A crestfallen Dave Hodgson, who is financial controller for the event, that is expected to attract more than 5,000 athletes and spectators to the town, was on the point of calling it a day until receiving strong words of encouragement this week from the chairman designate of the soon-to-be-formed Cumbria Rural Regeneration Company.
The regeneration company has been set up with instructions from the North West Development Agency and Cumbria County Council to implement eight strategic objectives formulated to broaden the base of the rural economy following foot-and-mouth and one of those objectives is to promote recreation and tourism.
Charles Woodhouse, chairman designate of the regeneration company, that will start work in April, told The Westmorland Gazette he would do all within his power to encourage support for the world mountain running championships to be held in the Howgills.
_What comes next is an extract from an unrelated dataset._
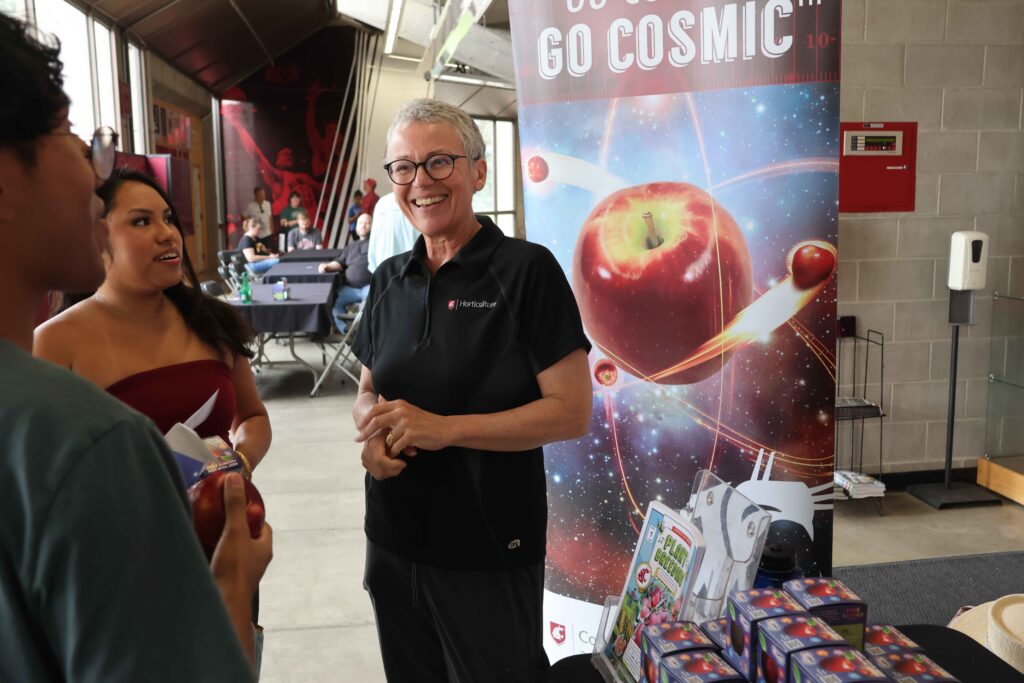 Kate Evans interacts with move-in day participants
He said the regeneration company might not be able to fund directly the £35,000 asked for by the Fell Running Association, but would be able to "open some doors" and "find the leverage" to unlock monies to put on the event, which has a £100,000 budget.
"I would think that we would want to encourage this bid and do all we can to help to get the event funded," said Mr Woodhouse, who is also a trustee of the UK Athletics Foundation and a personal friend of former Olympic athlete Dave Moorcroft, who is chief executive of UK Athletics.
"I would be very disappointed if this bid did not go ahead. It's a good bid. Fell running is strong in Cumbria and we ought to be supporting it. I think it's very disappointing that so far they have had some negative reaction."
Two years ago, the Fell Running Association had to shelve its bid to stage the championships at Sedbergh in 2003 because Sport England and UK Sport gave the same reasons for not supporting the event. And plans to stage the event at Sedbergh in 2001 were scuppered when the World Mountain Racing Association Council voted by 11 votes to 10 to put on the event in Italy.
Mr Hodgson said the championships would be centred on Sedbergh School, which would become an Olympic-style village for the athletes expected from more than 30 countries. He said the plan was to make the event a weekend festival of fell running and there would be an open race for non-international athletes.
Mr Hodgson, who lives in Leeds, said England would face competition to stage the event from New Zealand but was confident Sedbergh would win through. "I have been to 15 world mountain racing trophy events (they have been held recently in Malaysia, Austria, the Czech Republic and on Reunion Island) and nowhere have I been on courses as good as we have got in the Howgills," he said.